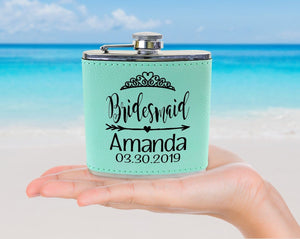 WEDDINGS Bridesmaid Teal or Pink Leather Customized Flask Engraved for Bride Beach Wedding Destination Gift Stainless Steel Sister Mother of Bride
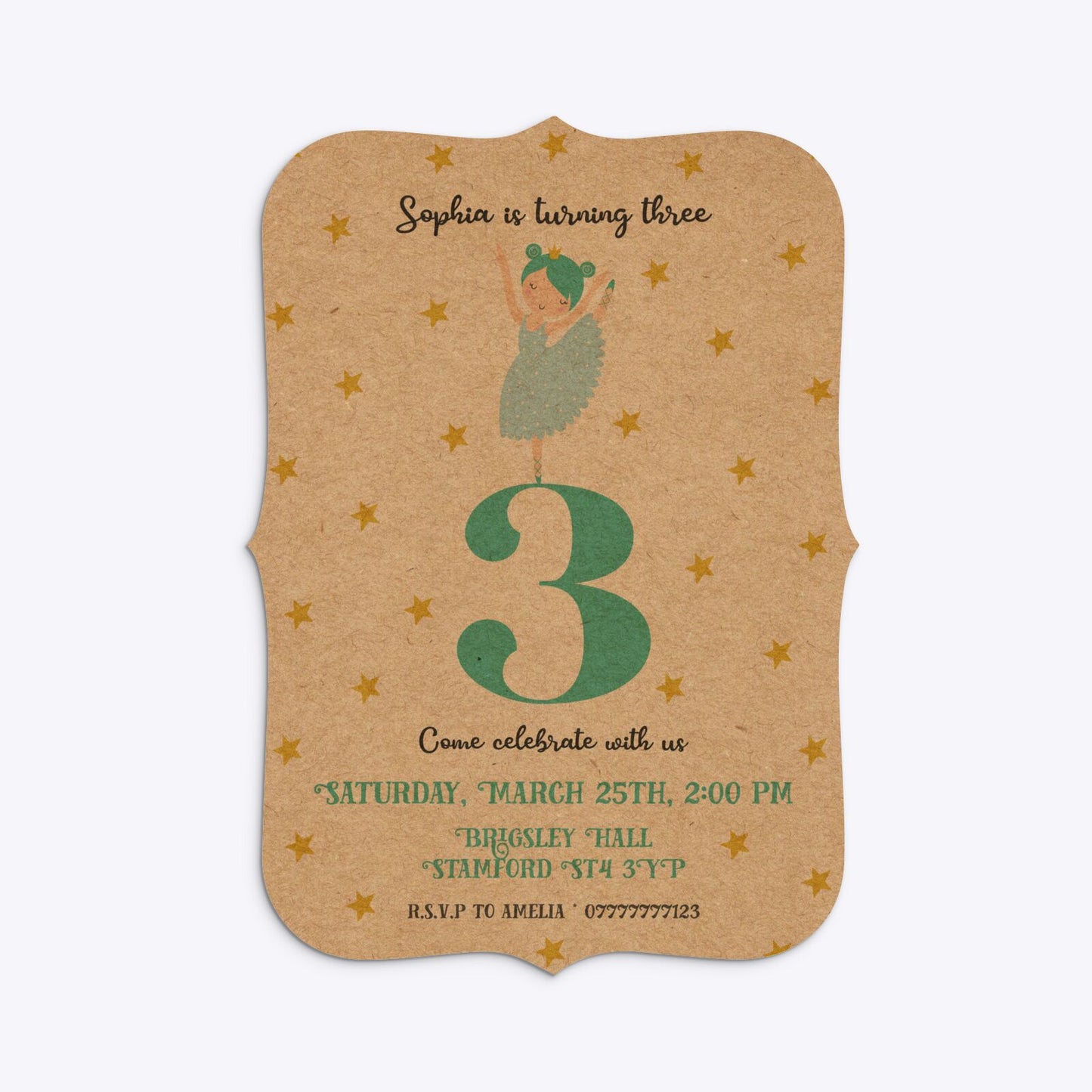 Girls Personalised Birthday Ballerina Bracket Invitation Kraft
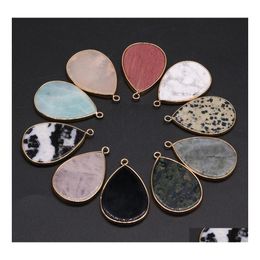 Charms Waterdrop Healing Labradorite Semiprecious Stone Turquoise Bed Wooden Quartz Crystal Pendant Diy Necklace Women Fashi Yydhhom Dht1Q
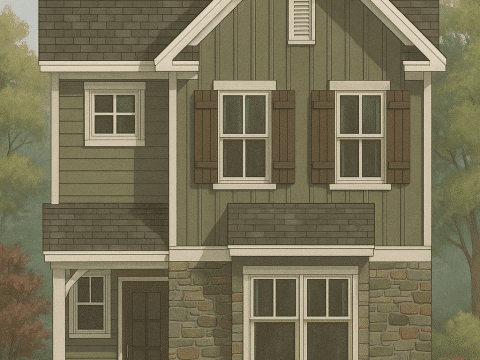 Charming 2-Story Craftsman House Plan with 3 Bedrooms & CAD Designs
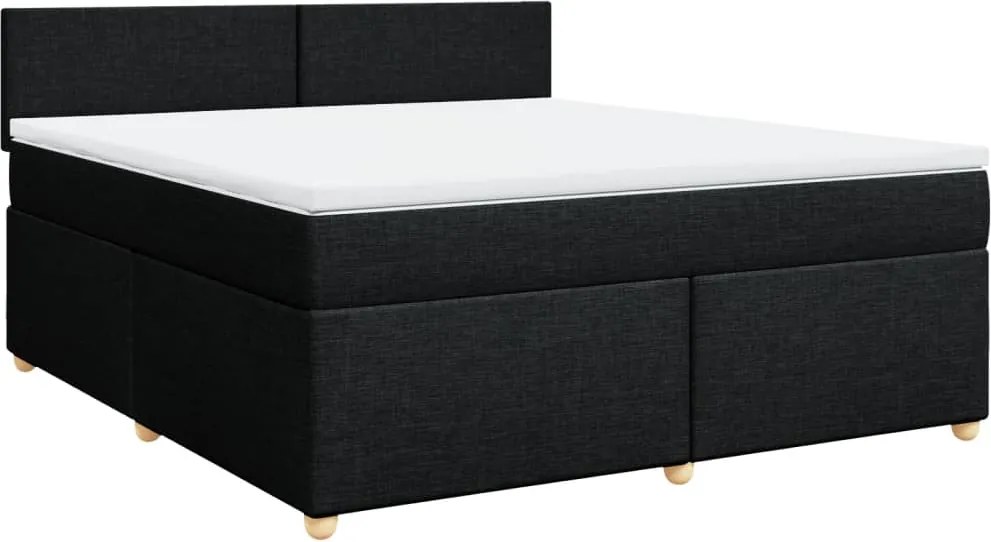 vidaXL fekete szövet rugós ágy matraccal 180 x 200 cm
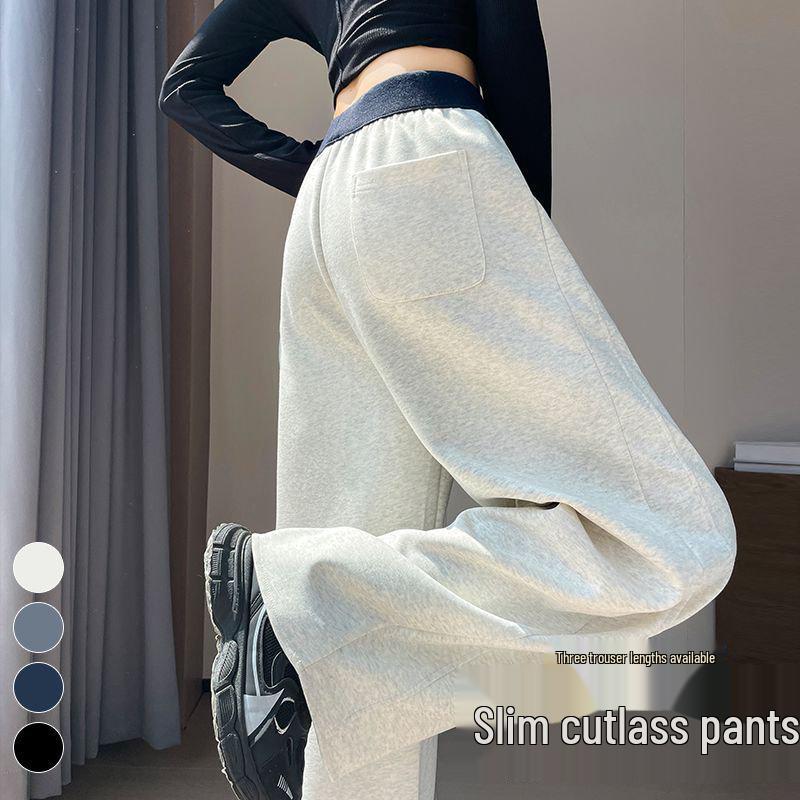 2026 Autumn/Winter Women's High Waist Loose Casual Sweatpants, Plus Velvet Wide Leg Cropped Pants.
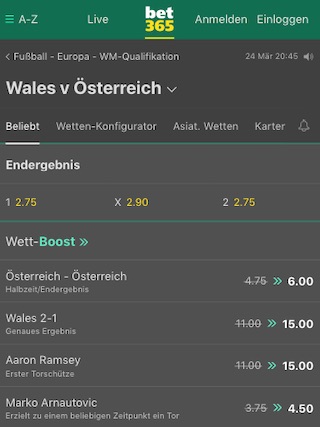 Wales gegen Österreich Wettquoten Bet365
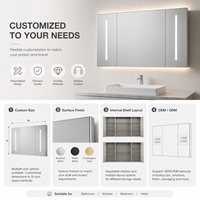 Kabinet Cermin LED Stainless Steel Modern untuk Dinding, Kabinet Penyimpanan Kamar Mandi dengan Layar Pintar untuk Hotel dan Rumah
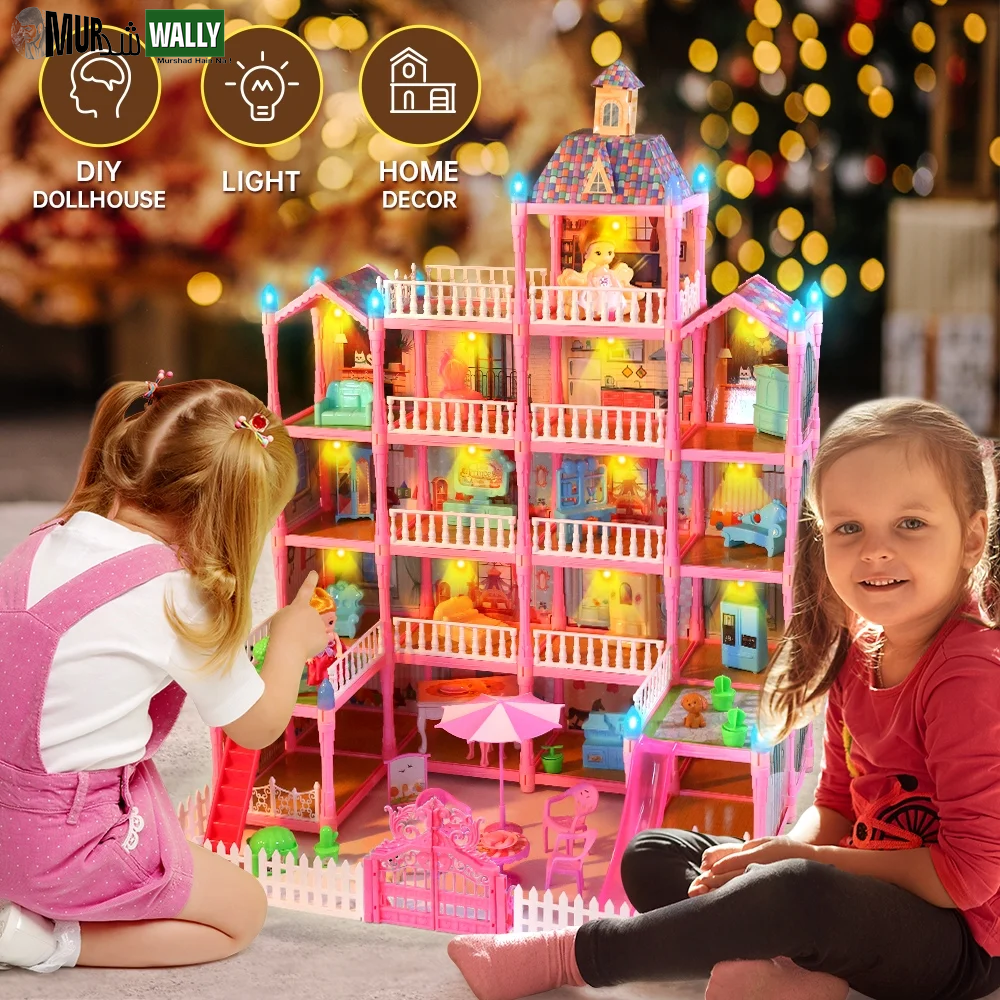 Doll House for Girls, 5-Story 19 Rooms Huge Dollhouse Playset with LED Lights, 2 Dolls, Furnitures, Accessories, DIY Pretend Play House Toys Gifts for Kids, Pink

____________________

### Work instruction
Pictures stay out. Return exactly the lines from the one with "2026 Autumn/Winter Women's" through the last line of the data.

### Response below
 2026 Autumn/Winter Women's High Waist Loose Casual Sweatpants, Plus Velvet Wide Leg Cropped Pants.
 Wales gegen Österreich Wettquoten Bet365
 Kabinet Cermin LED Stainless Steel Modern untuk Dinding, Kabinet Penyimpanan Kamar Mandi dengan Layar Pintar untuk Hotel dan Rumah
 Doll House for Girls, 5-Story 19 Rooms Huge Dollhouse Playset with LED Lights, 2 Dolls, Furnitures, Accessories, DIY Pretend Play House Toys Gifts for Kids, Pink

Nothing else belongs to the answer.